The French “Active and Sporting city” label - Pacte Project The French “Active and Sporting city” label - Pacte Project

The French “Active and Sporting city” label

Created in 2016 by the Sport ministry, the national association of elected politicians in charge of sport (ANDES) and the Sport & Cycling UNION, this label aims to recognise initiatives, measures and policies concerning sport and to promote physical activity and sport in a local area.

2019, March 28th

The French “Active and Sporting city” label

For the second consecutive year, the 2018 ceremony awarded labels to 120 out of the 151 towns and cities that submitted applications. For the first time, one of these towns obtained the highest possible label level of 4 laurels. The towns obtaining labels were spread over the country, with 113 towns in mainland France and 7 in overseas departments.

For this second year, the spirit of the label was well respected: the fact that any town, no matter how big or small it is, can obtain the label if it develops and implements policies making sport available to the maximum number of people.

This second edition of the “active and sporting city” label reinforces the Sport Minister’s objective in developing sporting practice: life-long sport for all.

The Minister’s ambition is to create a culture of doing sport that will contribute to people living well together and to constructing a more neighbourly society, that will be for everyone, whatever kind of sport they want to do – for fun or in competition – and however they want to do it – on their own or in a structure.

The President of the Republic set the objective: to increase the number of people doing sport to 3 million by 2024. To reach this target, new people need to be encouraged to take up sport and people who have stopped doing sport need to get back to it. Obstacles to doing sport and physical activity need to be understood and removed, and responses need to be found that will get through to everyone of all ages and in all places.

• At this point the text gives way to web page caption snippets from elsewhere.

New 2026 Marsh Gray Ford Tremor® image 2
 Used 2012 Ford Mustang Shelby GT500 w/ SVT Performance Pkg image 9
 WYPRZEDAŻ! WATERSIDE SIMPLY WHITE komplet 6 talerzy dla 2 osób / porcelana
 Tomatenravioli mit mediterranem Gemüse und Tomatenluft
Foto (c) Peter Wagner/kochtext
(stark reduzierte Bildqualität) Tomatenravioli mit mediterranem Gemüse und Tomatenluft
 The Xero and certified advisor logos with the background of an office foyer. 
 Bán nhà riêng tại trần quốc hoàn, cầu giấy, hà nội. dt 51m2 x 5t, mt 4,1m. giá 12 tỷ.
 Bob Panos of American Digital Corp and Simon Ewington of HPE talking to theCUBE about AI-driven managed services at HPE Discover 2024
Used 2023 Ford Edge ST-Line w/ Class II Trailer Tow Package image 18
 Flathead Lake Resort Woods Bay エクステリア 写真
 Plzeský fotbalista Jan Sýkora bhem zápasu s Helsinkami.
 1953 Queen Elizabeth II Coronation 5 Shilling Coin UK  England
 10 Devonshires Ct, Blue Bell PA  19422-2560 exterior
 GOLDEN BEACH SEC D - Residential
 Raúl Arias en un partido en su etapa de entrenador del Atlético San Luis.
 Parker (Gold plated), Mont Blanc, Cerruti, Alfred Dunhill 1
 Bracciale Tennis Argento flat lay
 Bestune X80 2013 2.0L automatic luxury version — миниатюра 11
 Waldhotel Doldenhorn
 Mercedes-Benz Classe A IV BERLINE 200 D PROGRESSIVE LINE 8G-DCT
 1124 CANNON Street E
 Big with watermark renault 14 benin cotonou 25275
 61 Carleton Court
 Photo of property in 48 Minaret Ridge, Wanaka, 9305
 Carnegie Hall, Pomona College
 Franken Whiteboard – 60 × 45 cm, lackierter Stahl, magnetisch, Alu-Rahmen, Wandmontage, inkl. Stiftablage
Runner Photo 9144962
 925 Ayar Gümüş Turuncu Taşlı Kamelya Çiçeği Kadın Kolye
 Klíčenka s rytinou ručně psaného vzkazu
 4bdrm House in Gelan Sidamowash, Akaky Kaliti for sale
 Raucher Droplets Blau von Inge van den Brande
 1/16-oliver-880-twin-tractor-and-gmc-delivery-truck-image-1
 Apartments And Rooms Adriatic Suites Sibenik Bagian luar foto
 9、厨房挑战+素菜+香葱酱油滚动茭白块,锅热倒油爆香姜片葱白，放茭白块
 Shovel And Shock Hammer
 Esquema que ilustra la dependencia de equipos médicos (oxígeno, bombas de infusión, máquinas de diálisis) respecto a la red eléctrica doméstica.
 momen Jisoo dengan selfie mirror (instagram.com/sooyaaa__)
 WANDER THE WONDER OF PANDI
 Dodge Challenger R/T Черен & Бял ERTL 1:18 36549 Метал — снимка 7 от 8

Apart from dedicated sports facilities such as at school or university, businesses and all kinds of sites generally, indoors or outdoors, should be used to help meet this objective of developing the practice of sport and physical activity. It is not about developing doing sport or a physical activity for its own sake, but because of its individual and societal benefits.

One of the keys to the success of this venture is getting everyone involved – institutional bodies, teachers, instructors and people doing sport – for universal sport.

This is the context for the action plan being worked out with the Ministry for cohesion in the regions (CGET) to diversify the range of sport available in urban priority districts (QPV). The plan will have the target of offering a range of sports to those sectors of the population that until now have been the furthest removed from doing sport in districts with very little available sport.

The 2019 « Ville active et sportive » label will be the opportunity to get towns involved with the theme of the 2024 Olympics. The label, like hosting the Olympics, should be seized as a chance to develop sporting activities for the maximum number of people all over the country.

All of us have the role of supporting tomorrow’s young athletes and those who will take part in the 2024 Olympics, whether they are top level athletes, volunteers, sport instructors and trainers or simply fellow-citizens. It is by getting everybody involved that we will be best placed to encourage a sporting and civic 2024 generation so that when we hold the 8th award ceremony, 2024 active, sporting towns and cities receive the label.